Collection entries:
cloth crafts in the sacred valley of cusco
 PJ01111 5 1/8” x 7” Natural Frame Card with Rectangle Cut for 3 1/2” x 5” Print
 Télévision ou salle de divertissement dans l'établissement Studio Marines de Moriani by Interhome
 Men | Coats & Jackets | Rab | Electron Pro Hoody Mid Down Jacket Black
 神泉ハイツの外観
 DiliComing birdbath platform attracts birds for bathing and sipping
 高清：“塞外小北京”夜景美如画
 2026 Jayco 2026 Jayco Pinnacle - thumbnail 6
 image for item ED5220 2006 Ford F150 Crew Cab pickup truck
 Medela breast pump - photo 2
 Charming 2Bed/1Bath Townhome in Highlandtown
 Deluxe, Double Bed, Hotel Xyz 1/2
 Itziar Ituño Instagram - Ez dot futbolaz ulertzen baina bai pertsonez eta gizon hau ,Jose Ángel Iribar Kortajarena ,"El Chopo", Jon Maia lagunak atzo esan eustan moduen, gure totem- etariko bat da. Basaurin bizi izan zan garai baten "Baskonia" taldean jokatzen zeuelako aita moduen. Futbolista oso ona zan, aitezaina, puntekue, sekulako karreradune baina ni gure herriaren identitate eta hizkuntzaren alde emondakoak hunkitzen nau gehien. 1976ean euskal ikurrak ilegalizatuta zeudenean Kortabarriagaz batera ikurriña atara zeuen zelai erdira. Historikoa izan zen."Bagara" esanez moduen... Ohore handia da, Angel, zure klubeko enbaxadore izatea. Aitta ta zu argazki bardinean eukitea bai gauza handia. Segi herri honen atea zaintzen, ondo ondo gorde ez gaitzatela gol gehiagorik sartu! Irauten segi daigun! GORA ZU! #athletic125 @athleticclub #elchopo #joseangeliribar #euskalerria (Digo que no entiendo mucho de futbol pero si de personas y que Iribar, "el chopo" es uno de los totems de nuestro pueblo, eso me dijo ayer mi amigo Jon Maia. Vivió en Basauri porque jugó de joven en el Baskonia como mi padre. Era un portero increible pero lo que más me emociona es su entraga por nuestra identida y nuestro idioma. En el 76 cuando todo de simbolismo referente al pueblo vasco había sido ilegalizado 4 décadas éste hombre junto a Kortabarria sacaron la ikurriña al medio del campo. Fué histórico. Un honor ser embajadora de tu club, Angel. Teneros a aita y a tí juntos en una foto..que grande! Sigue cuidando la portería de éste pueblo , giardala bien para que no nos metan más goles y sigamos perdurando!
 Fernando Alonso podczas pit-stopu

> Directions for this task
From the entries above, return exactly the line containing "Men | Coats", the line containing "image for item", and all lines between, and nothing else.

> Exercise response
 Men | Coats & Jackets | Rab | Electron Pro Hoody Mid Down Jacket Black
 神泉ハイツの外観
 DiliComing birdbath platform attracts birds for bathing and sipping
 高清：“塞外小北京”夜景美如画
 2026 Jayco 2026 Jayco Pinnacle - thumbnail 6
 image for item ED5220 2006 Ford F150 Crew Cab pickup truck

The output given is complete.